WHAT THE TASK ASKS:
The required answer is the run of lines from the one holding "Bộ Công Thương" to the end of the data below, copied exactly and free of pictures.

DATA SEGMENT:
════════════════════

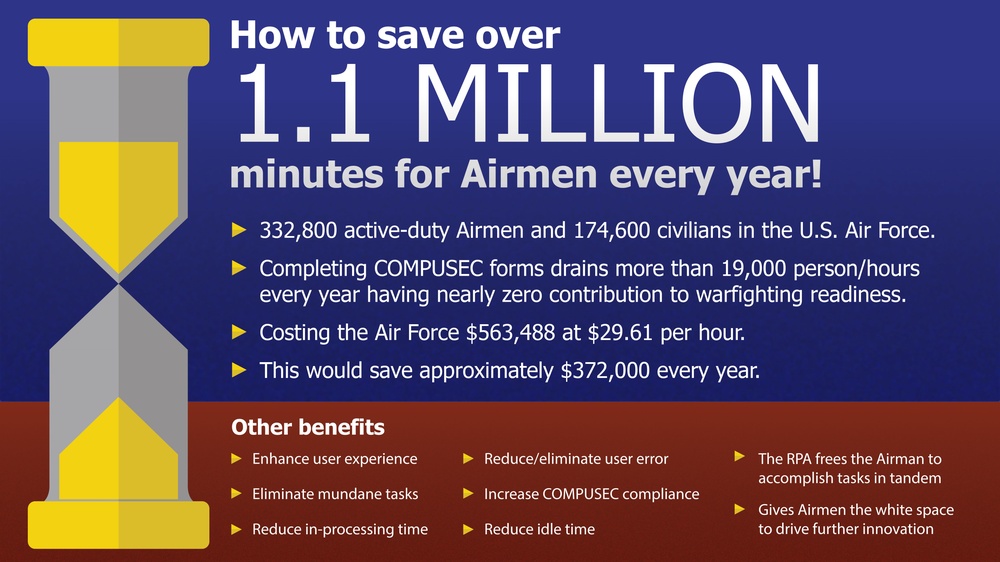 COMPUSEC automation delivers time, cost savings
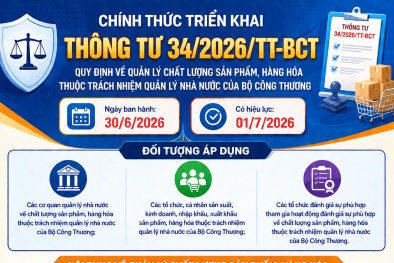 Bộ Công Thương ban hành Thông tư quy định về quản lý chất lượng sản phẩm, hàng hóa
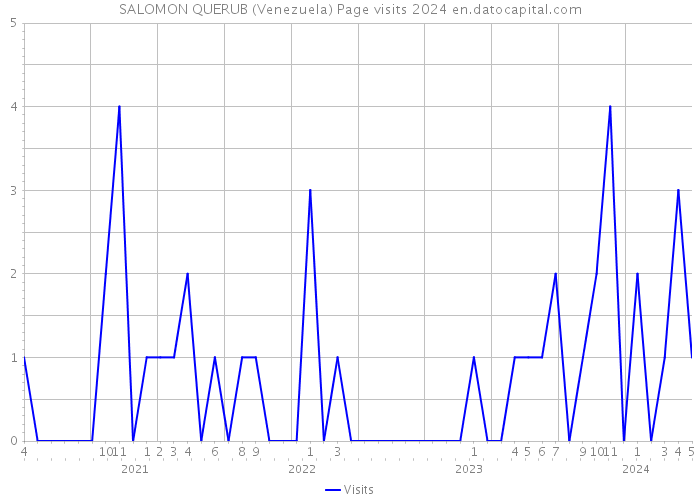 SALOMON QUERUB (Venezuela) Page visits 2024 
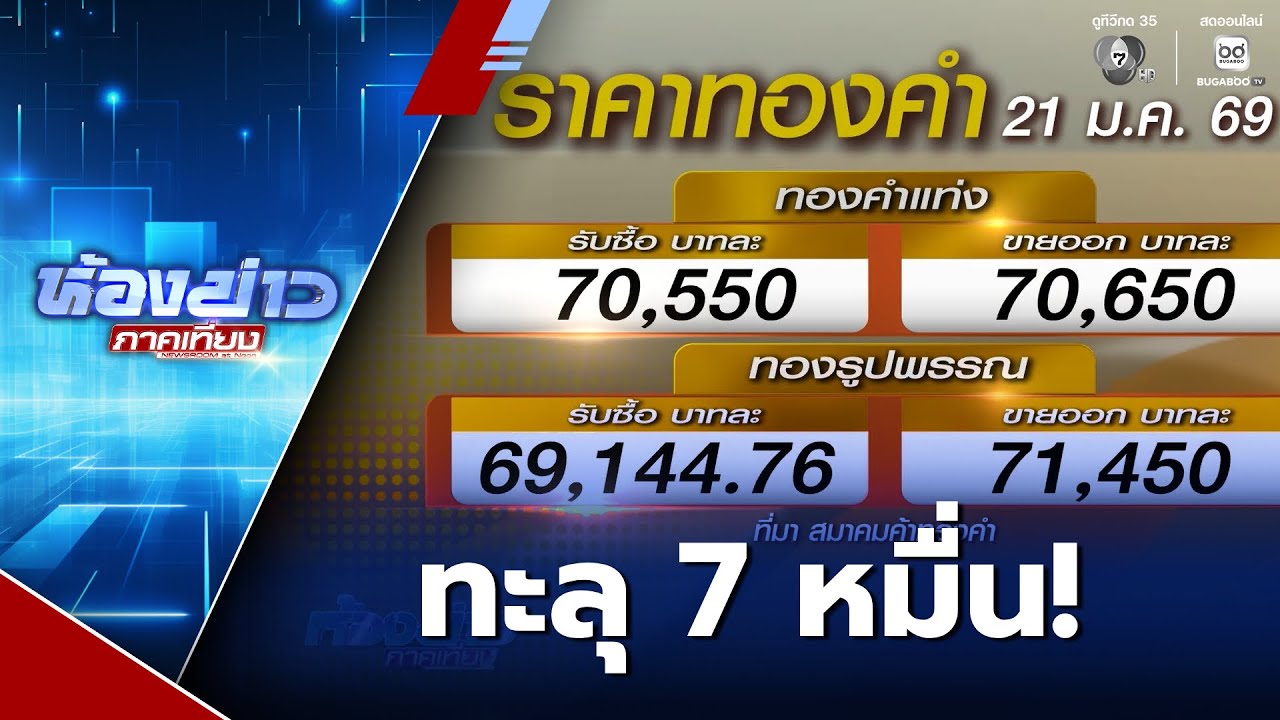 ราคาทองคำแท่งทะลุบาทละ 70,000 บาท | ห้องข่าวภาคเที่ยง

════════════════════

TASK OUTPUT:
 Bộ Công Thương ban hành Thông tư quy định về quản lý chất lượng sản phẩm, hàng hóa
 SALOMON QUERUB (Venezuela) Page visits 2024 
 ราคาทองคำแท่งทะลุบาทละ 70,000 บาท | ห้องข่าวภาคเที่ยง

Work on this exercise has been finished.